We wish to optimize the projective function $F$ by picking best values for $P = (x, y, z, r_x, r_y, r_z)$ (also called *parameter vector*) such that applying $F$ to given 3D points $Q_i$ leads to image points $q_i$ that are as close as possible to observed (or measured by some image processing functions) image points $q_i$.

Formally, we wish to find the vector $\hat{P}$, such that $q = F(\hat{P})-\epsilon$ for which $\|\epsilon\|$ is minimum.

We know from a previous article that in our case, $F$ is not linear (because of sinus and cosinus in the rotation matrix), and has the form : $F_i = K(RQ_i + t)$. That’s the reason why we need to optimize the function using derivatives.

Note that here, we denote $F_i$, the projective function that corresponds to the i-th 3D point $Q_i$.

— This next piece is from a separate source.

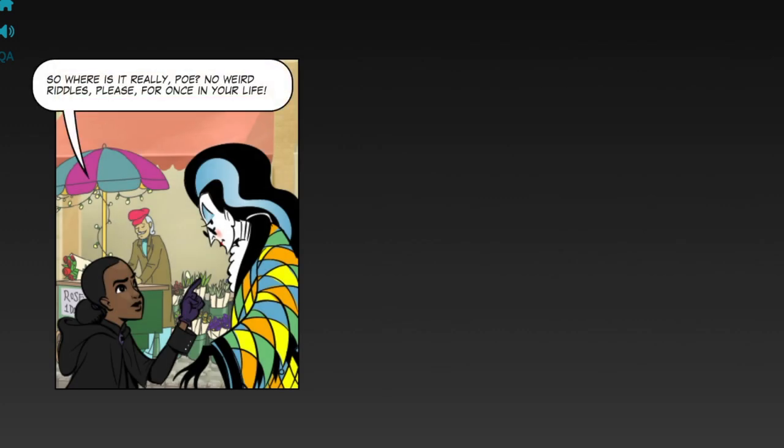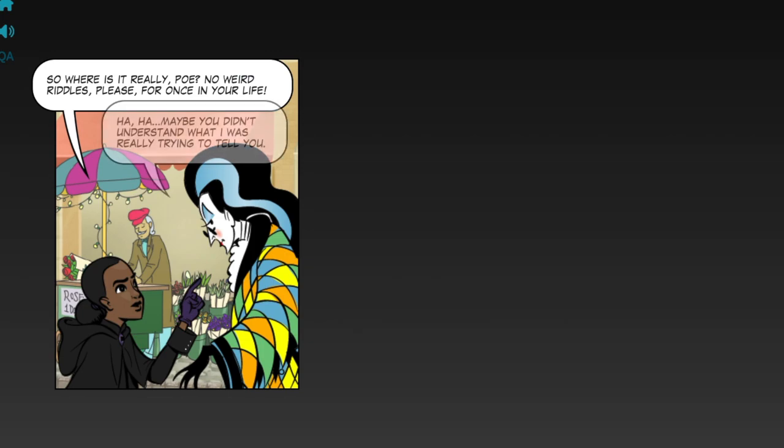So where is it really, Poe? No weird riddles, please, for once in your life.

The Jacobian matrix $F_i’ = (u/w, v/w)_i’$ for each given observation is computed as follow:

$$

F_i’ =

\begin{equation}

\begin{pmatrix}

\frac{\partial{\frac{u}{w}}}{\partial{x}} & \frac{\partial{\frac{u}{w}}}{\partial{y}} & \frac{\partial{\frac{u}{w}}}{\partial{z}} & \frac{\partial{\frac{u}{w}}}{\partial{r_x}} & \frac{\partial{\frac{u}{w}}}{\partial{r_y}} & \frac{\partial{\frac{u}{w}}}{\partial{r_z}} \\

\frac{\partial{\frac{v}{w}}}{\partial{x}} & \frac{\partial{\frac{v}{w}}}{\partial{y}} & \frac{\partial{\frac{v}{w}}}{\partial{z}} & \frac{\partial{\frac{v}{w}}}{\partial{r_x}} & \frac{\partial{\frac{v}{w}}}{\partial{r_y}} & \frac{\partial{\frac{v}{w}}}{\partial{r_z}}

\end{pmatrix}

\end{equation}

$$

with $\frac{\partial{\frac{u}{w}}}{\partial{x}} = \frac{\frac{\partial{u}}{\partial{x}}.w – \frac{\partial{w}}{\partial{x}}.u}{w^2}$, a composition of partial derivatives.

These partial derivatives $\frac{\partial{(u,v,w)^T}}{\partial{.}}$ are estimated as follow:

$$

\begin{matrix}

\frac{\partial{(u,v,w)^T}}{\partial{x}} = K\frac{\partial{t}}{\partial{x}}; &

\frac{\partial{(u,v,w)^T}}{\partial{y}} = K\frac{\partial{t}}{\partial{y}}; &

\frac{\partial{(u,v,w)^T}}{\partial{z}} = K\frac{\partial{t}}{\partial{z}}; &

\end{matrix}

$$

$$

\begin{matrix}

\frac{\partial{(u,v,w)^T}}{\partial{r_x}} = K\frac{\partial{R.Q}}{\partial{r_x}}; &

\frac{\partial{(u,v,w)^T}}{\partial{r_y}} = K\frac{\partial{R.Q}}{\partial{r_y}}; &

\frac{\partial{(u,v,w)^T}}{\partial{r_z}} = K\frac{\partial{R.Q}}{\partial{r_z}}; &

\end{matrix}

$$

# Gauss-Newton iteration

We start with an initial estimation of vector $P$: $P_0$. This estimation can be obtained using a previous estimation that corresponds to a previous frame, or using a direct estimation (eg. with the P3P principle, or the DLT principle).

Reprojection error can be mesured as the sum of the reprojection errors of each 3D point $Q_i$: $\sum_i(F_i(P_0) – q_i) = E_0$. In our case $E_0$, the reprojection error, is a 2-vector.

If we consider a small displacement $\delta$ at $P_0$, we approximate this displacement by $F_i(P_0+\delta) = F_i(P_0) + F_i’(P_0).\delta = F_i(P_0) + J_i.\delta$ (for simplification purpose).

We wish to update $P_0$ to $P_1=P_0+\delta$ such that $P_1$ minimizes:

$$

\sum_i(F_i(P_1)-q_i) = \sum_i(F_i(P_0)+J_i.\delta – q_i) = E_0 + \sum_iJ_i.\delta

$$

Equivalently, we wish to minimize $\| E_0 + \sum_iJ_i.\delta\|$. $\delta$ is obtained by solving normal equations, leading us to the system:

$$

\sum_iJ_i^T.(\sum_iJ_i.\delta – E_0) = 0 \\

\sum_iJ_i^T.\sum_iJ_i.\delta = \sum_iJ_i^T.E_0

$$

We can then invert $\sum_iJ_i^T.\sum_iJ_i$ for example using a SVD decomposition and find the (locally) optimum displacement $\delta = (\sum_iJ_i^T.\sum_iJ_i)^{-1}J_i^TE_0$.

This $\delta$ displacement is the result of a Gauss-Newton iteration. You can reiterate the same operations to converge to a local minimum. Only very few iterations are necessary for our computer vision problem.

If one want to avoid local minimum convergence, he should try the extension provided by the Levenberg-Marquardt principle.